Today, two senior officials from Russia – Foreign Minister Sergei Lavrov and spymaster Mikhail Fradkov -- travelled to Damascus bearing “three gifts” to President Bashar al-Assad, according to a leading Lebanese political analyst.

Nicolas Nassif, whose news analysis makes the front-page lead of the pro-Assad Beirut daily al-Akhbar and is reproduced in Syria’s electronic news journal Champress, says Lavrov arrives in Damascus for talks with Assad “armed with three nays:
  1. “No to foreign military intervention in Syria.
  2. “No to Assad standing down.
  3. “No to armed rebels gaining footholds anywhere in the country.”
However, Nassif adds, “Moscow insists on internal dialogue between Assad and his opponents. Moscow favors a decisive blitz against the armed insurgents. It wants them out of the equation. Otherwise, they would wreck the internal dialogue that Moscow is championing.”

This, according to Nassif, explains the major – but “phased” – Syrian army’s offensive, initiated on January 27, to flush out insurgents from the three hottest flashpoints: rural Damascus, Homs and Idlib. The army having regained control of rural Damascus already, its focus has now shifted to “Homs and Idlib, especially that they are respectively close to the borders with Lebanon and Turkey.”

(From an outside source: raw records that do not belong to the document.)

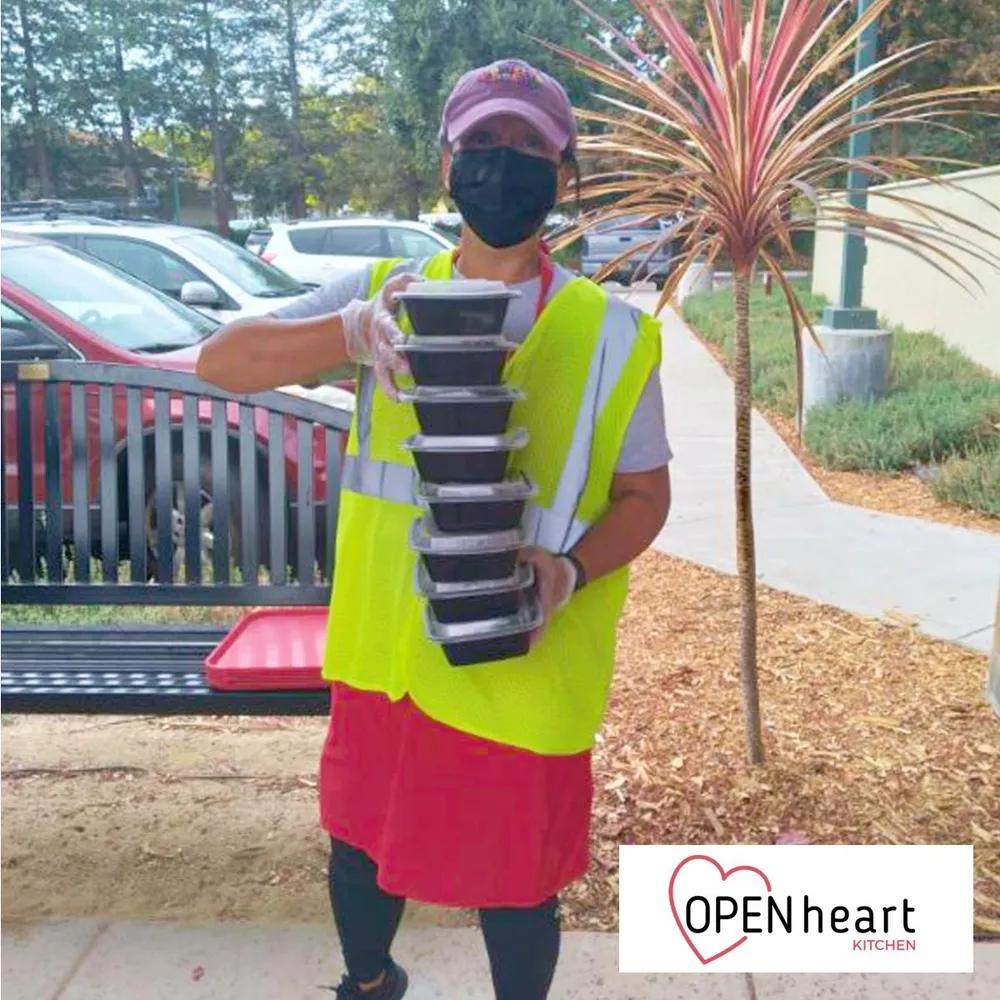 Open Heart Kitchen Expands Operations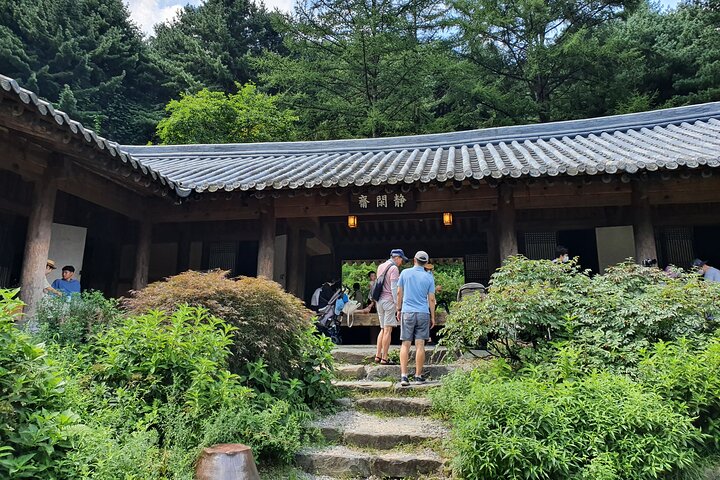 Private Tour : Nami Island & Arboretum & Rail Bike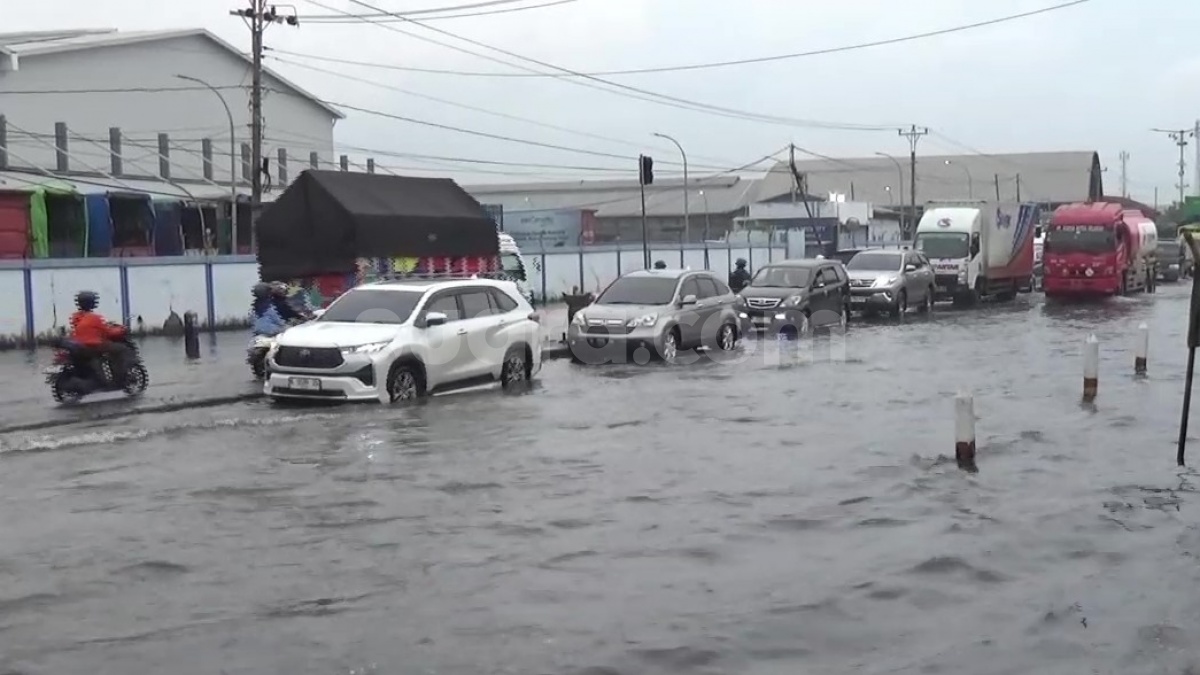 Prediksi Cuaca Hari Ini 6 Oktober 2025: Waspada Hujan & Banjir Rob di Indonesia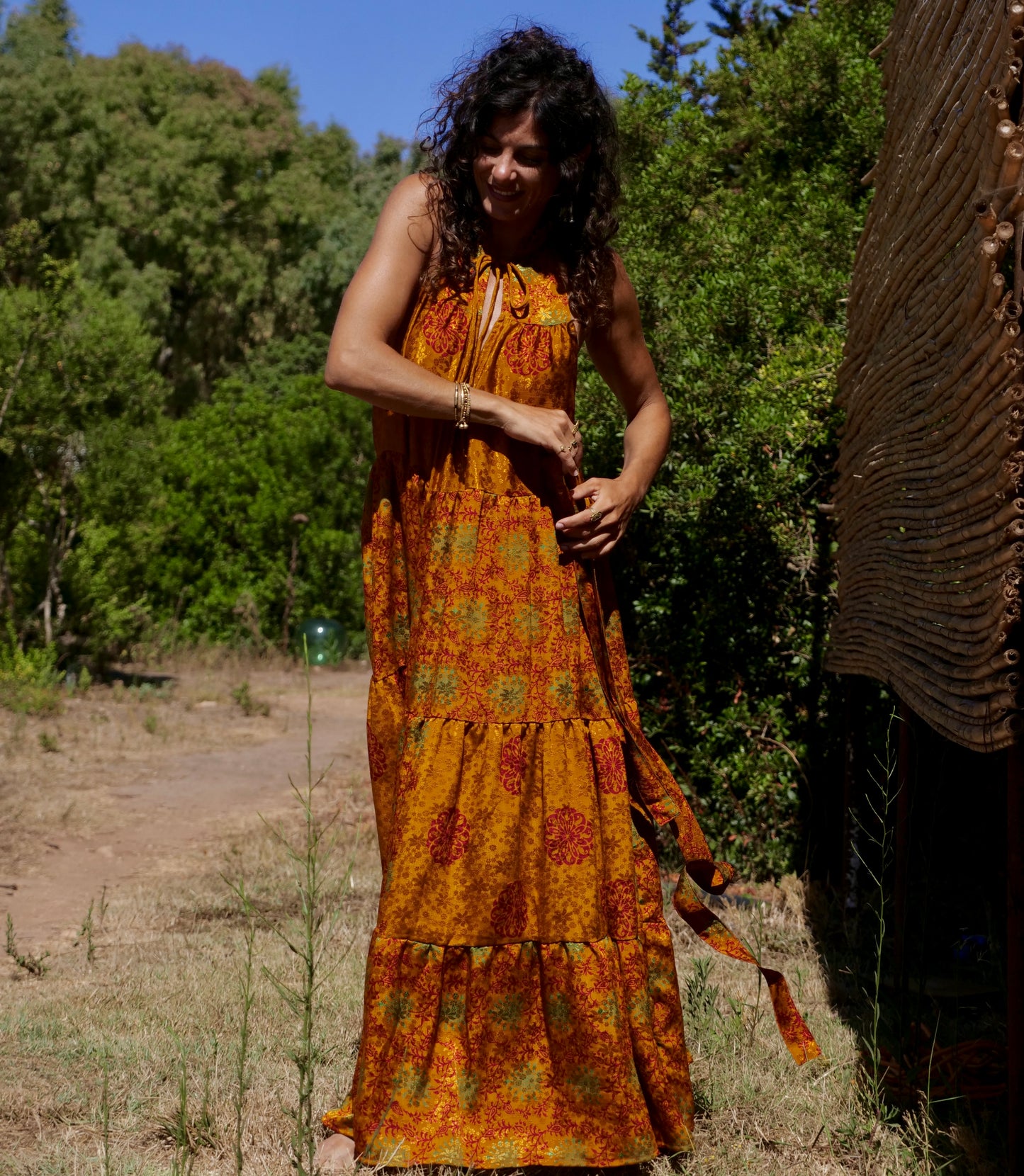 Bell Dress Mystral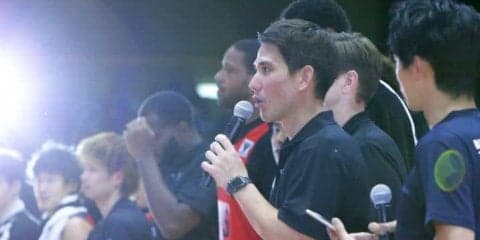 三遠を率いる藤田弘輝、成長を続ける3年目の公約は「チームバスケにプライドを」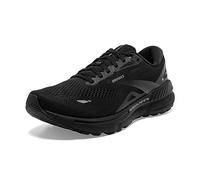 BROOKS 1103914E020 Adrenaline GTS 23 Sneaker Herren Black/Black/Ebony EU 40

George Solaj, columnist for the anti-Assad Lebanese daily al-Joumhouria, sees Assad receiving four cautions from Lavrov rather than gifts:
  1. Russia can do no more for Syria; international pressure is mounting and so is the death toll.
  2. Take advantage of the offer on the table: change the regime’s chain of command instead of the regime itself; stay on the sidelines after naming someone to agree serious and swift reforms with the opposition; then implement them pending new elections allowing voters to choose between the regime and its opponents.
  3. Moscow would host the dialogue conference and ensure your personal and family safety and immunity from future prosecution.
  4. The alternative is a multinational siege of Syria and the outbreak of civil war.
Lebanon’s famed pan-Arab political analyst Khairallah Khairallah, writing today for the first Arabic-language online newspaper Elaph, wonders how the “Russian sickman” can possibly treat his Syrian counterpart.

His piece reminds me of a folk proverb in Arabic: عصفور كفل زرزور والاثنين طيارين

It translates into: A bird pays a surety bond for a beetle; problem is both are winged.